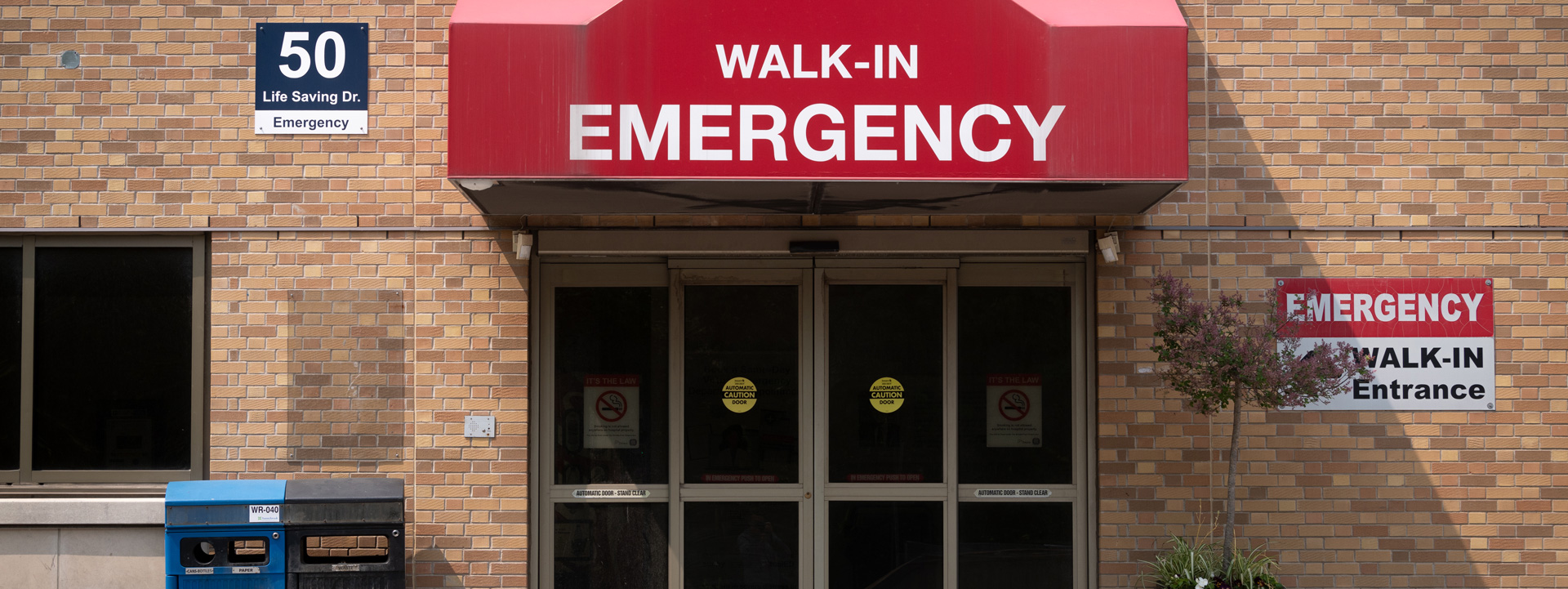 Emergency Department entrance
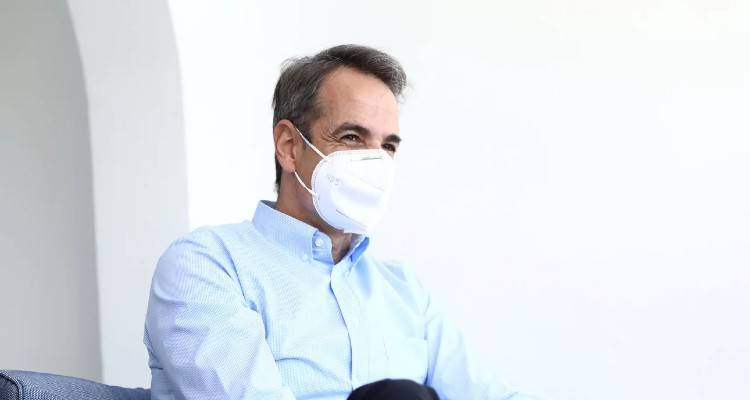 Σε Αγιο Ευστράτιο και Λήμνο τα Θεοφάνεια ο Μητσοτάκης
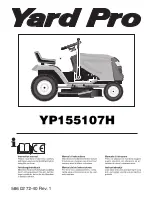 Yard Pro YP155107H Instruction Manual preview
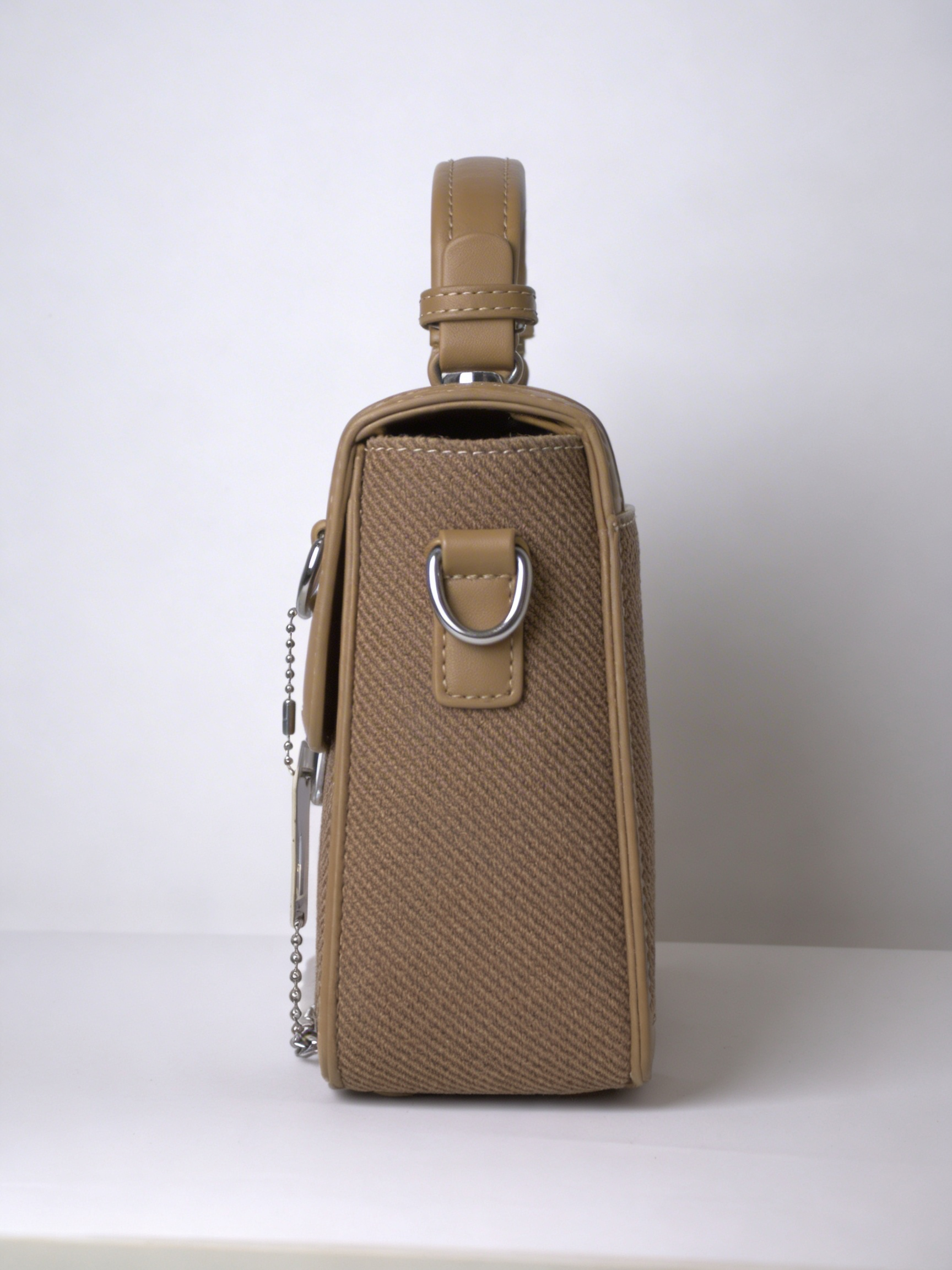 Caramel Core Top Handle Bag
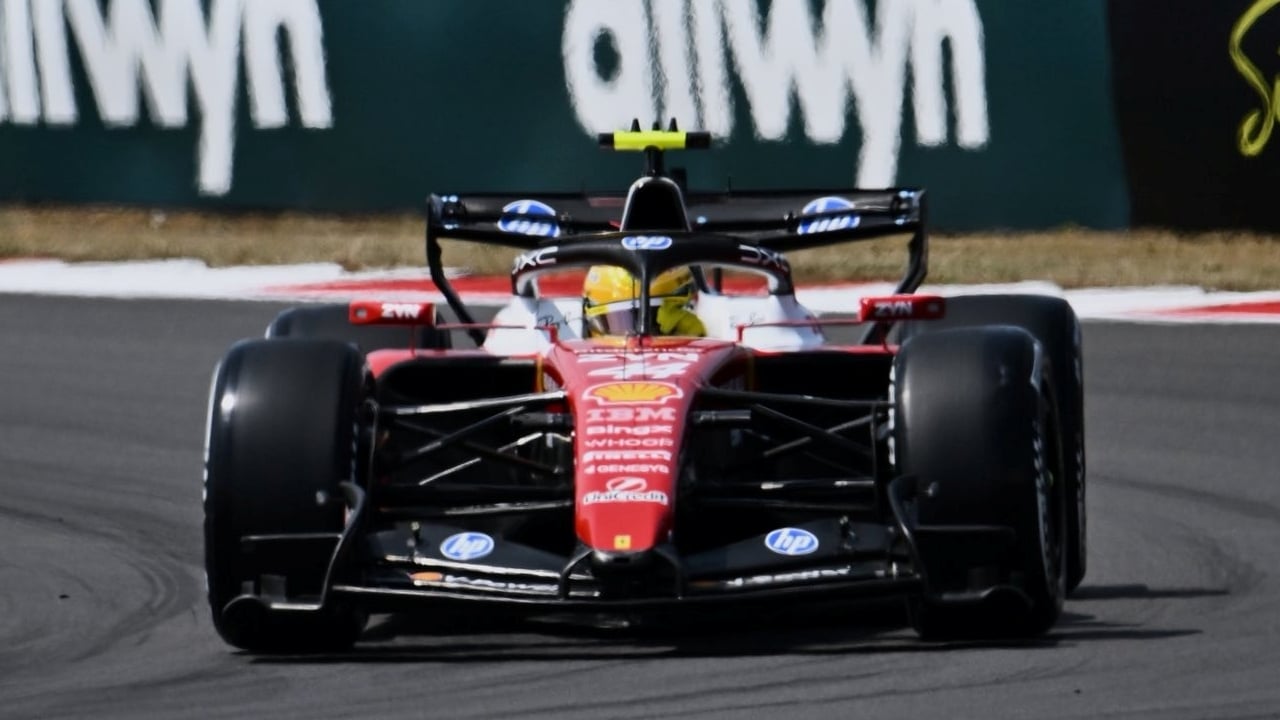 El duelo entre Ferrari y Mercedes se traslada a Silverstone... y es Hamilton quien toma ventaja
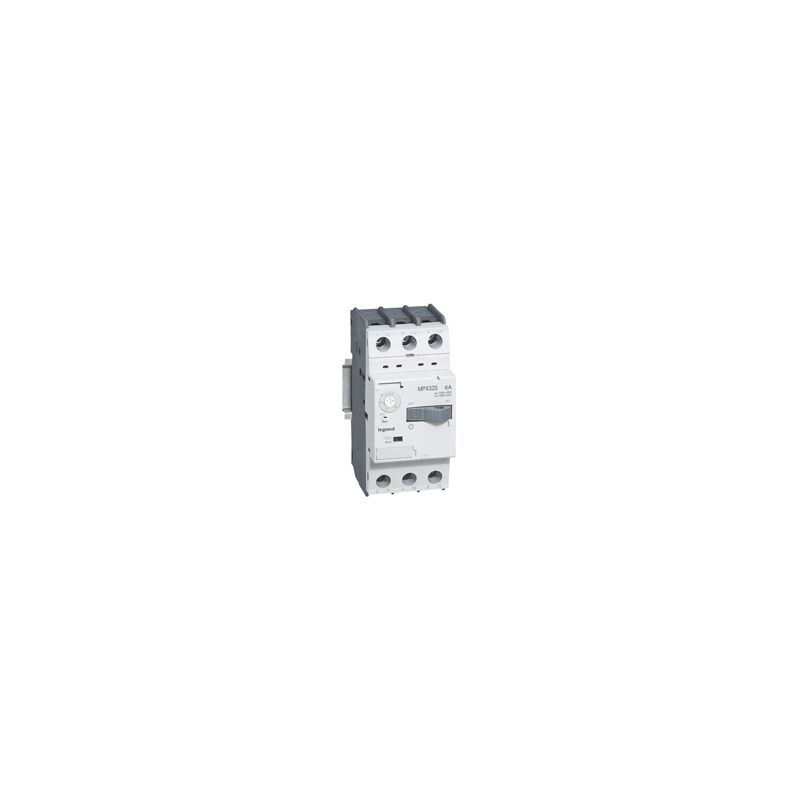 Legrand - limitadores/guardamotores 417308 mpx 32S guardamt 4 6 a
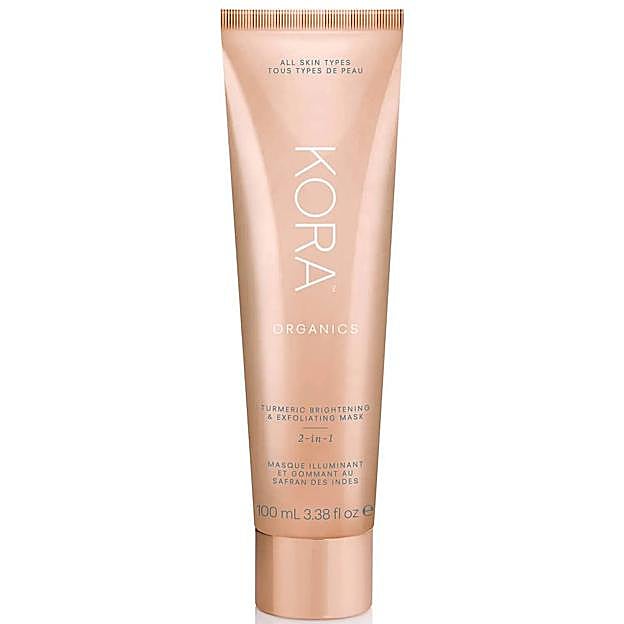 Turmeric 2-in-1 Brightening and Exfoliating Mask de Kora Organics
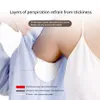 Andra hälsoskönhetsartiklar Solid parfym Underarm Svettkuddar Kläd ARMPit Anti Perspiration Patch Doft Gackkets sköld Absorberande deodorant 230411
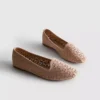 Płaskie Buty z wycięciami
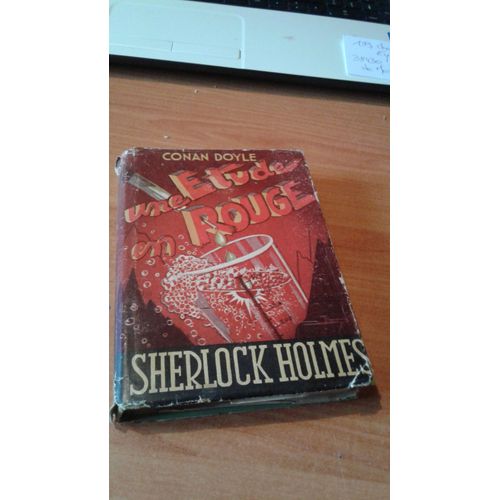 Une tude En Rouge.   de arthur conan doyle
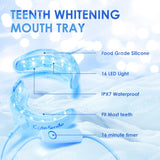 UNEEDE Teeth Whitening Kit, Premium Teeth Whitening All In One Kit Included 3Pack Teeth Whitening Gel, 2 Teeth Whitening Strips, 2 Cleaning Teeth Wipe, 1 Teeth Whiten Tray for Whiter Teeth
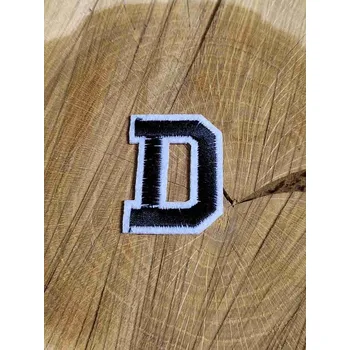 Nažehlovačka písmeno D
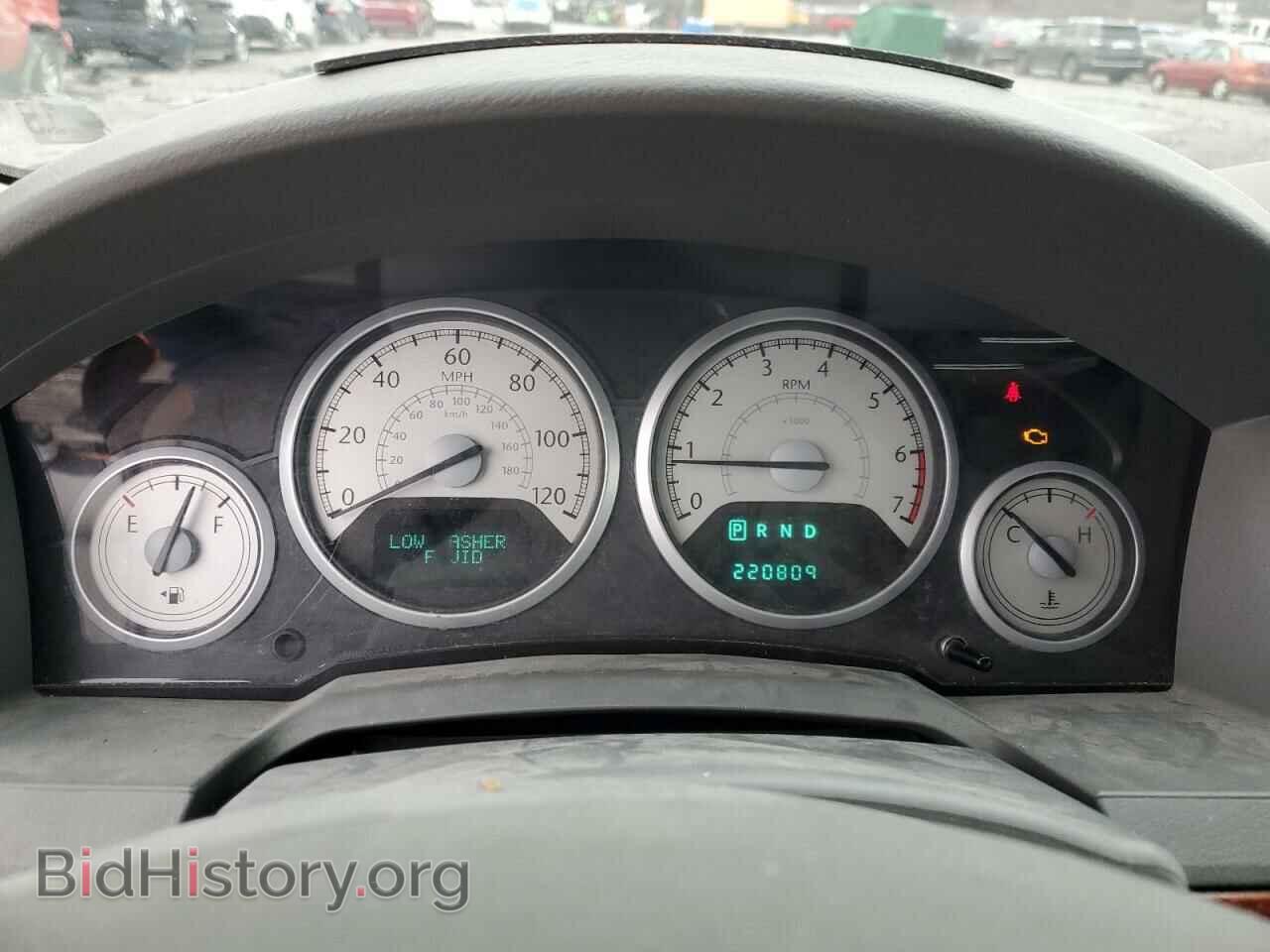 2008 CHRYSLER MINIVAN - VIN: 2A8HR54P78R729667 - Фото 9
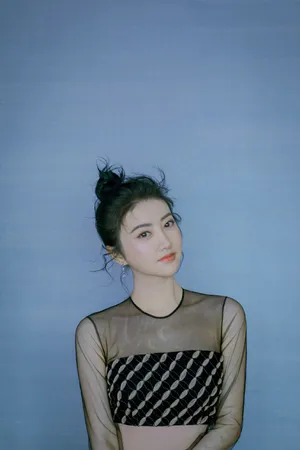 景甜气质写真图片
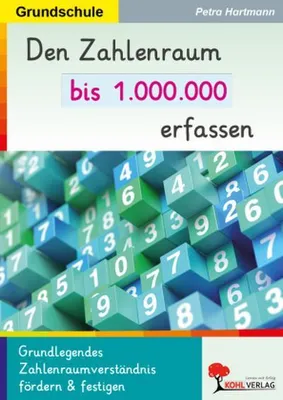 Obrázek produktu pro Den Zahlenraum bis 1.000.000 erfassen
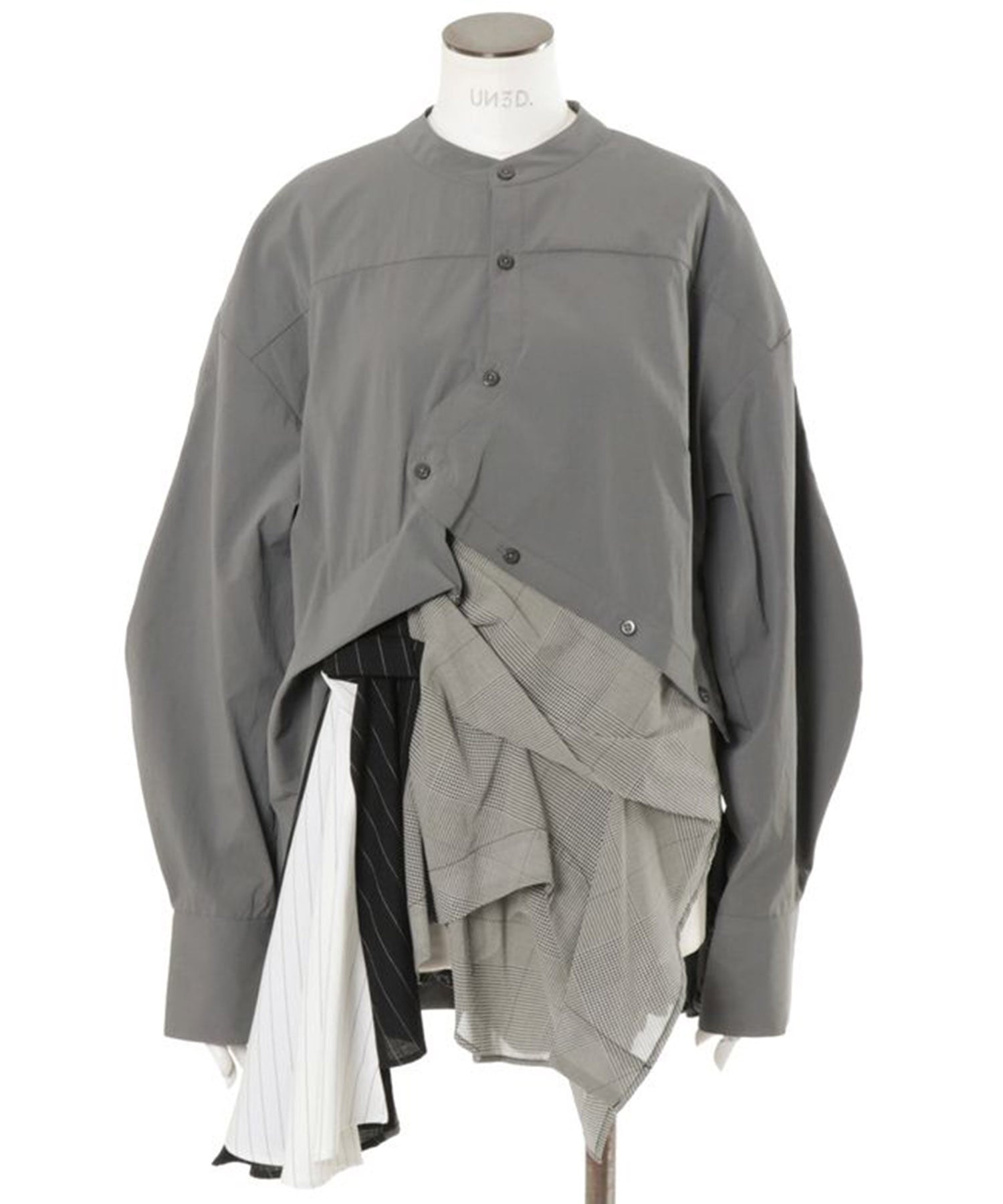 PATTERN MIX SHIRT UN3D.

=======

# [YOUR OBJECTIVE]
Please copy exactly the lines from the one that contains "Legrand - limitadores/guardamotores" through the last line of the listing above, leaving out the pictures.

# [RESULT BELOW]
 Legrand - limitadores/guardamotores 417308 mpx 32S guardamt 4 6 a
 Turmeric 2-in-1 Brightening and Exfoliating Mask de Kora Organics
 Andra hälsoskönhetsartiklar Solid parfym Underarm Svettkuddar Kläd ARMPit Anti Perspiration Patch Doft Gackkets sköld Absorberande deodorant 230411
 Płaskie Buty z wycięciami
 Une tude En Rouge.   de arthur conan doyle
 UNEEDE Teeth Whitening Kit, Premium Teeth Whitening All In One Kit Included 3Pack Teeth Whitening Gel, 2 Teeth Whitening Strips, 2 Cleaning Teeth Wipe, 1 Teeth Whiten Tray for Whiter Teeth
 Nažehlovačka písmeno D
 2008 CHRYSLER MINIVAN - VIN: 2A8HR54P78R729667 - Фото 9
 景甜气质写真图片
 Obrázek produktu pro Den Zahlenraum bis 1.000.000 erfassen
 PATTERN MIX SHIRT UN3D.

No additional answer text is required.